Öte yandan, 6235 Sayılı Türk Mühendis ve Mimar Odaları Birliği Kanununun 2. maddesinde; birliğin kuruluş amacı,
a-) Bütün mühendis ve mimarları ihtisas kollarına ayırmak ve her kol için bir oda kurulmasına karar vermek; bu suretle aynı ihtisasa mensup meslek mensuplarını bir Odanın bünyesinde toplamak; merkezde idare heyeti, haysiyeti divanı ve murakıplar gibi görevlilere yetecek kadar üyesi bulunmayan Odanın merkezini, Umumi Heyetin belirleyeceği yerde açmak;
b-) Mühendislik ve mimarlık mesleği mensuplarının, müşterek ihtiyaçlarını karşılamak, mesleki faaliyetlerini kolaylaştırmak, mesleğin genel menfaatlere uygun olarak gelişmesini sağlamak, meslek mensuplarının birbiriyle ve halkla olan ilişkilerinde dürüstlüğü ve güveni hakim kılmak üzere meslek disiplin ve ahlakını korumak için gerekli gördüğü bütün teşebbüs ve faaliyetlerde bulunmak;
c-) Meslek ve menfaatleriyle ilgili işlerde resmi makamlarla işbirliği yaparak gerekli yardımlarda ve tekliflerde bulunmak, meslekle ilgili bütün mevzuatı, normları, fenni şartnameleri incelemek ve bunlar hakkındaki görüş ve düşünceleri ilgililere bildirmek olarak açıklanmış olup aynı maddenin son fıkrasında birliğin kuruluş amacı dışında faaliyette bulunmayacağı; 19. maddesinde, odaların, bu Kanunun 2. maddesinde belirtilen amaç için birlikçe kararlaştırılan işlerden yalnız odalarını ilgilendiren kısımlar ile görevli oldukları düzenlenmiştir.

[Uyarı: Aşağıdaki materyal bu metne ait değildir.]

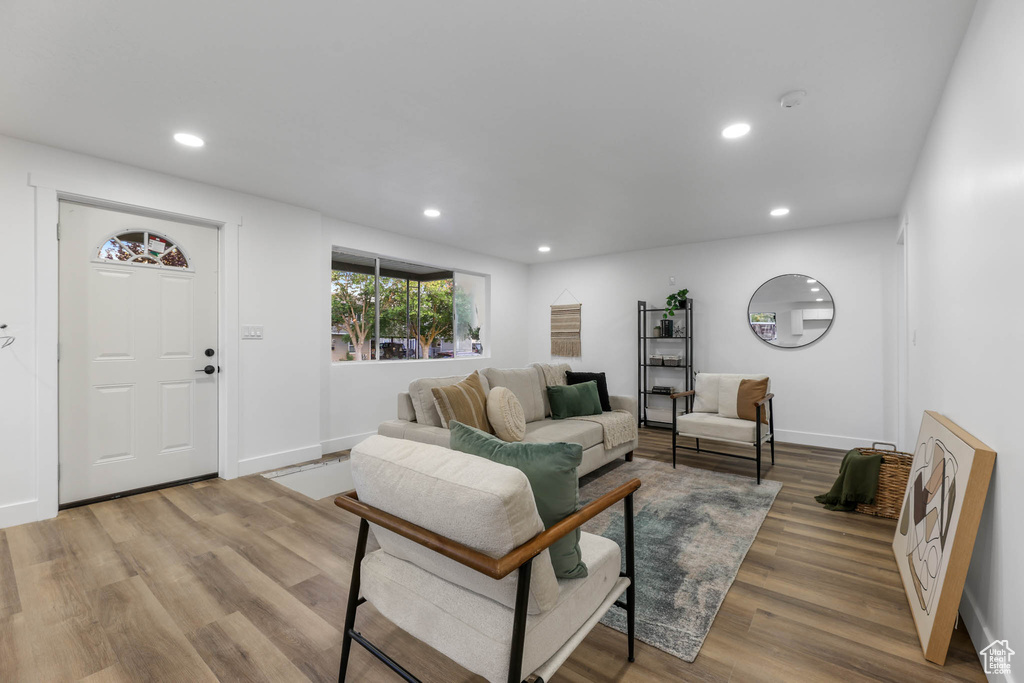 Living room featuring recessed lighting, wood finished floors, and baseboards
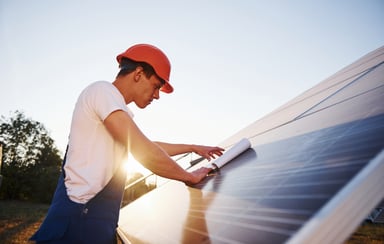 22_03_21 A person looking at papers on a solar panel _GettyImages-1304698521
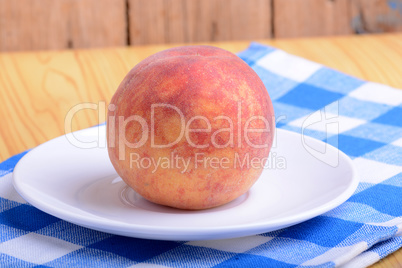 fresh peach on white plate
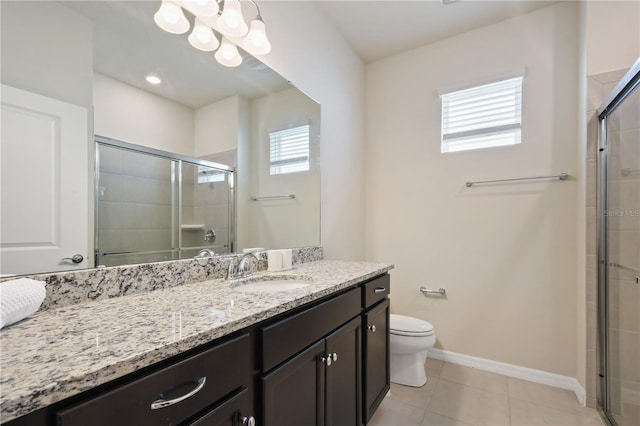 2176 Lelani Cir, Davenport, FL 33897 - bathroom featuring vanity, toilet, a tile shower, tile patterned flooring, and baseboards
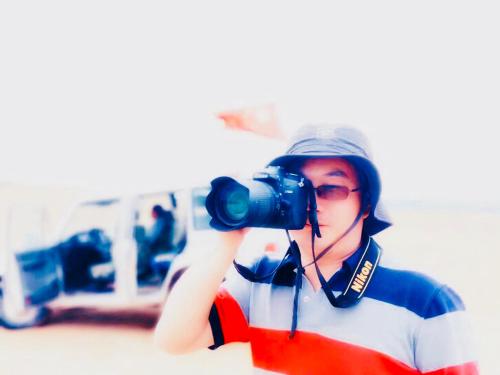 a person taking a picture with a camera at Lantern Hotel in Hohhot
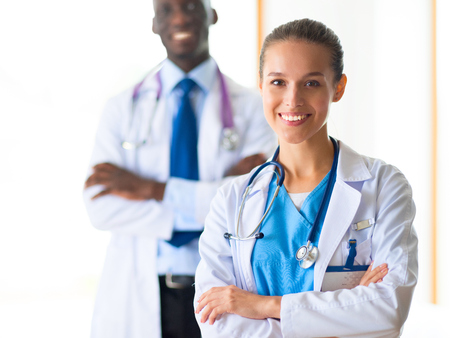 A medical team of doctors, man and woman, isolated on white backgroundの写真素材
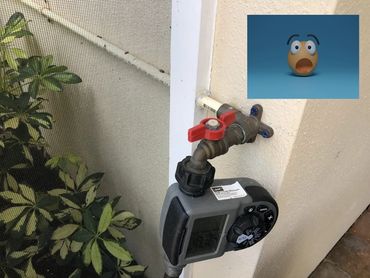 Outdoor water faucet with a digital timer attached to the wall.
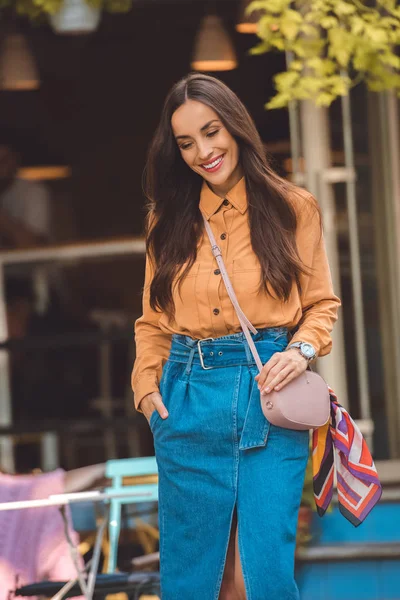 Happy fashionable young woman with stylish handbag at urban street — Stock Photo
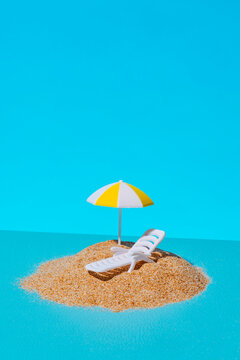 a miniature beach scene on a blue background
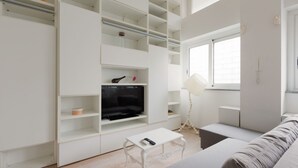 A modern living room with a TV, white furniture, and a window. - GuestHost - Milan Cosy Studio on 2 levels! (Milano)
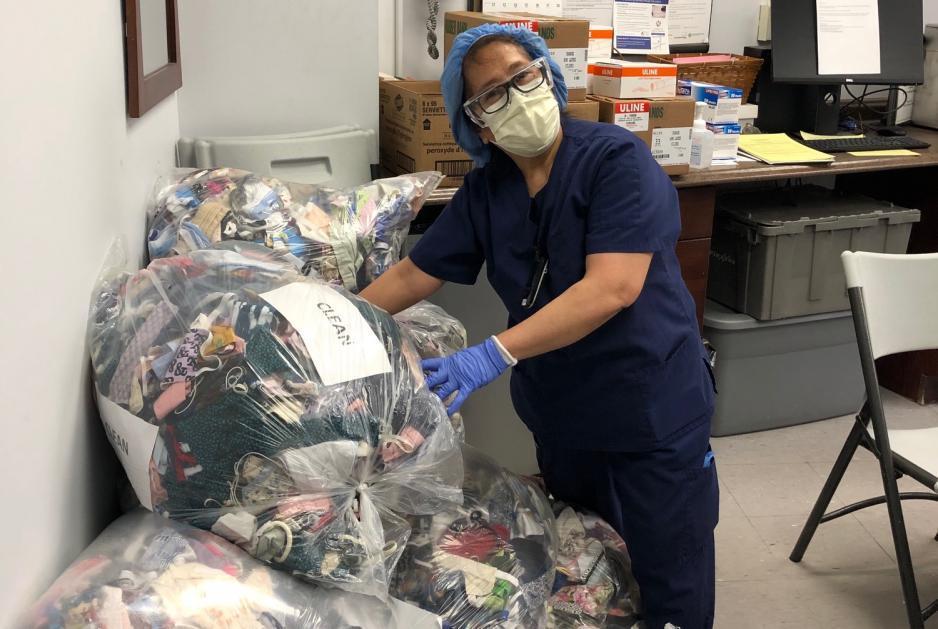 A nurse at MGH collects donated masks as part of our mask drive.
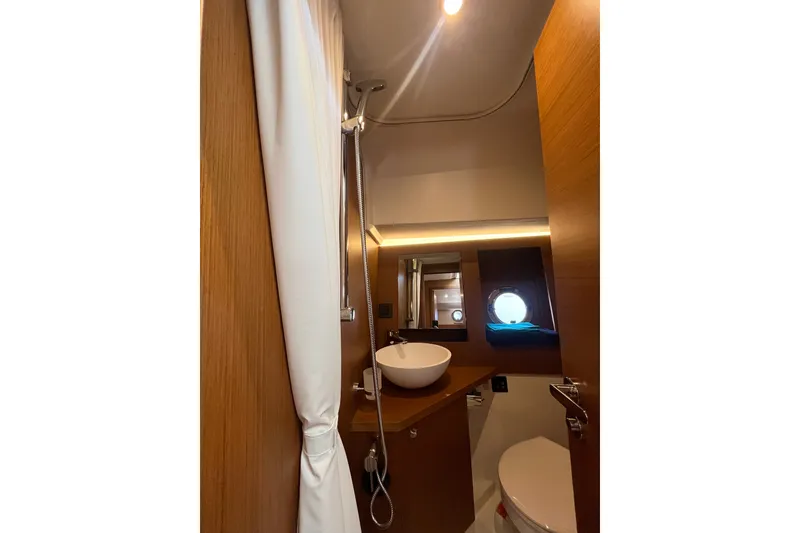 Slide: The Image of Bathroom interior of 2026 Beneteau Swift Trawler 41 Fly, featuring modern fixtures and porthole window. - 26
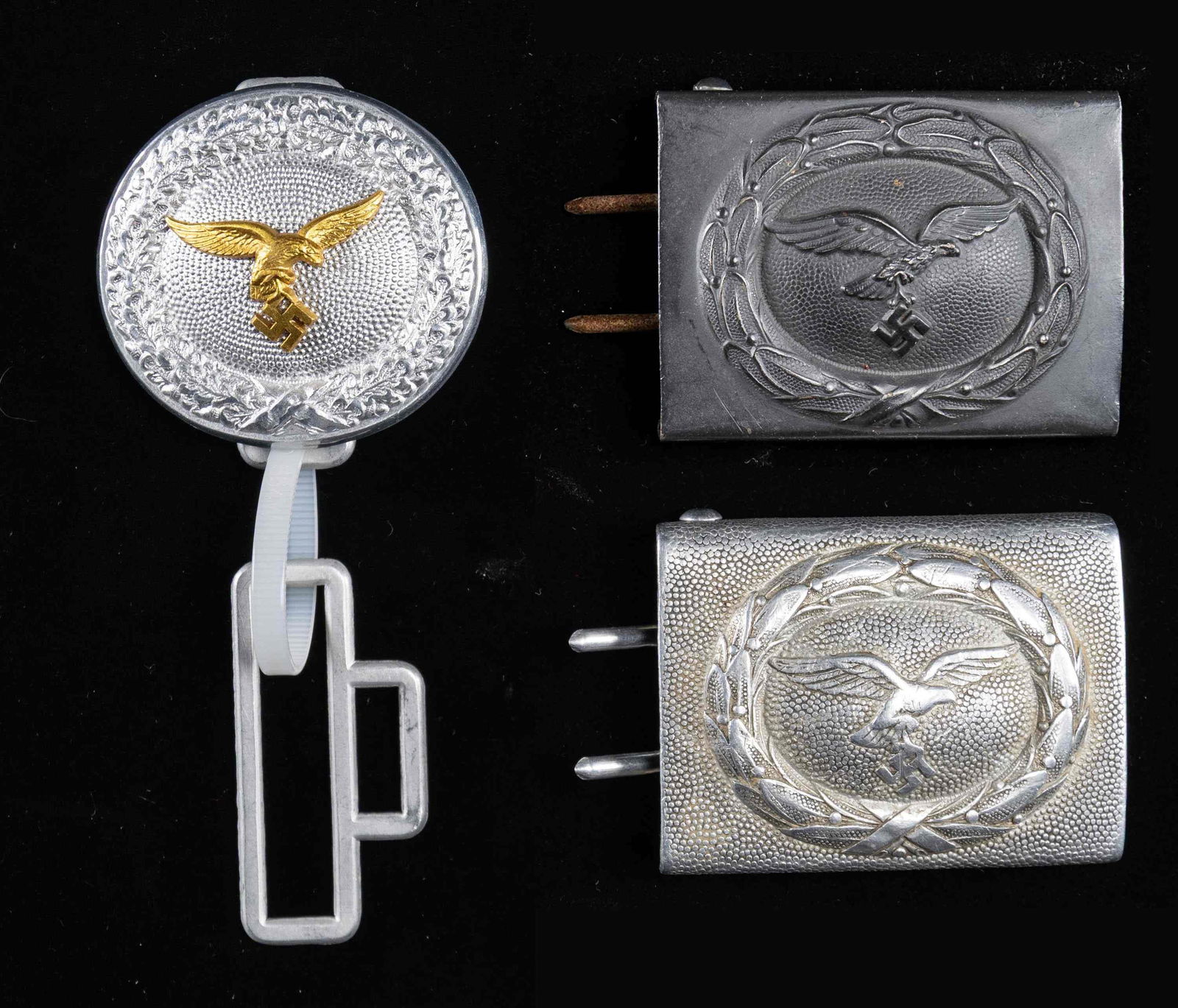 3 WWII GERMAN LUFTWAFFE BELT BUCKLES.: This lot contains 1 Luftwaffe officer's belt buckle with a gold finished eagle on an aluminum field complete with keeper,1 Luftwaffe enlisted buckle in aluminum, and 1 Luftwaffe enlisted buckle in ste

5018 Sayılı Kamu Mali Yönetimi ve Kontrol Kanununun 3. maddesinin 1. fıkrasının (f) bendinde, bütçe; belirli bir dönemdeki gelir ve gider tahminleri ile bunların uygulanmasına ilişkin hususları gösteren ve usulüne uygun olarak yürürlüğe konulan belge olarak tanımlanmıştır.
Aktarılan Kanun maddesinde belirlendiği şekli ile odanın ve üst birliğin kuruluş ve örgütleniş amaçları ile dava konusu bütçenin niteliği birlikte değerlendirildiğinde, söz konusu bütçenin kabulüne ilişkin meclis kararının davacı odanın görev alanı ile ilgisinin bulunmadığı açıktır.
Bu hale göre, davacı odanın dava konusu işlem karşısındaki durumu ve statüsü dikkate alındığında; meşru, güncel ve kişisel menfaat ilişkisi bulunmadığından dava açma ehliyetinin olmadığı sonucuna ulaşılmıştır.
Bu durumda, davanın ehliyet yönünden reddi gerekirken, esastan incelenerek reddine ilişkin kararda hukuka uyarlık görülmemiş ise de sonucu itibariyle yerinde görülen kararın yukarıda belirtilen gerekçe ile onanması gerekmektedir.
Açıklanan nedenlerle; …. İdare Mahkemesi’nin temyize konu kararının yukarıda anılan gerekçe ile onanmasına, bu kararın tebliğ tarihini izleyen 15 (onbeş) gün içerisinde kararın düzeltilmesi yolu açık olmak üzere, 31/10/2013 tarihinde oybirliğiyle karar verildi.